On this page, we'll introduce handling Wrapped Tokens in DeFi transactions.
As of December 2021, there were no clear guidelines from the National Tax Agency, so please confirm the calculation method with your local tax office. Additionally, there is a possibility that future guidelines may differ from the calculation method outlined here.
Contents;
1.What is Wrapped Token
Wrapped Tokens are tokens designed to track the value of other tokens. They are obtained by applying a "wrapping" process to the underlying token, but can also be acquired directly through exchanges and other platforms.
By using Wrapped Tokens, it's possible to transport the value of the underlying token to a different blockchain. For example, while you can't directly use Bitcoin on the Ethereum blockchain, creating a Wrapped Token for Bitcoin on Ethereum allows you to transfer the value of Bitcoin within the Ethereum ecosystem.
Generally, you can reclaim the original coins by "unwrapping" them at your own discretion.

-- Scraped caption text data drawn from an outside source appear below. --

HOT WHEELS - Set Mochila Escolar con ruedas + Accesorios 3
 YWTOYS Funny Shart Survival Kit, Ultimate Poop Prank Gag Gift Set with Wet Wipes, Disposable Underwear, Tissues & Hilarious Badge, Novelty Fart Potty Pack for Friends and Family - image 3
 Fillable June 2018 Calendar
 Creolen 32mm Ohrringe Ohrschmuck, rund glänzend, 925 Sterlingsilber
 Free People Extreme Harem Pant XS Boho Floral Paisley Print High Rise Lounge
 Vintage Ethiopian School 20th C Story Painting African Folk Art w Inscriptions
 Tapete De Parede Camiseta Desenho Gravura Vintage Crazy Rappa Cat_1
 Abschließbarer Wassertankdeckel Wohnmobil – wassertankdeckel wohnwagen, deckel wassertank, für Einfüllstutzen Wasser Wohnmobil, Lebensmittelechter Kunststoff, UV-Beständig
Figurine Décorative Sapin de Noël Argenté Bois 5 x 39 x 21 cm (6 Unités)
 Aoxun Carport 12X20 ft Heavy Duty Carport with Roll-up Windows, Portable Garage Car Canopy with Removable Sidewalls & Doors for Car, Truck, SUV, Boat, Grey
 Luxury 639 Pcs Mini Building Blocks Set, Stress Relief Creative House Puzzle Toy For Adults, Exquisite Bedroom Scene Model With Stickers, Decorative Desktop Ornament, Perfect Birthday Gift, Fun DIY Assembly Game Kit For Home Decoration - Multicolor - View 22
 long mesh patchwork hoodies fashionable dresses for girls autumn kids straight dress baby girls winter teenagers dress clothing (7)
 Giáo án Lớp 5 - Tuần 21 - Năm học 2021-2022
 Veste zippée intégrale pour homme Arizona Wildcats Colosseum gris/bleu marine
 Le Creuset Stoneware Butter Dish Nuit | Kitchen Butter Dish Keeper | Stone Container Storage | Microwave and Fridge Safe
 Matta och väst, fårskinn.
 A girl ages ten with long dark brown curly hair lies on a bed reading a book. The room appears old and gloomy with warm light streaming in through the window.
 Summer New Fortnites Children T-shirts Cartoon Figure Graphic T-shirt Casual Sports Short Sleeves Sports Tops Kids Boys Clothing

2.Examples of Wrapped Tokens
Our supported Wrapped Tokens include WETH, WBNB, WMATIC, WFTM, WAVAX, and more. Please refer to our supported coin list for further details.
3.Handling Wrapped Tokens on DeFi platforms
In processing DeFi transactions, we recognize wrapped tokens and unwrapped tokens as the same coin. This is because there are numerous wrapped tokens in DeFi, and some wrapped tokens have the same name as their unwrapped counterparts, making it practically impossible to distinguish them all accurately.
*Regarding tokens that are not wrapped in a 1:1 ratio
Please upload the transaction history for custom files, adjusting the quantities as follows:
If the quantity has increased: Upload the purchase history at the market value of the original coin for the increased quantity.
If the quantity has decreased: Upload the sales history at the market value of the original coin for the decreased quantity.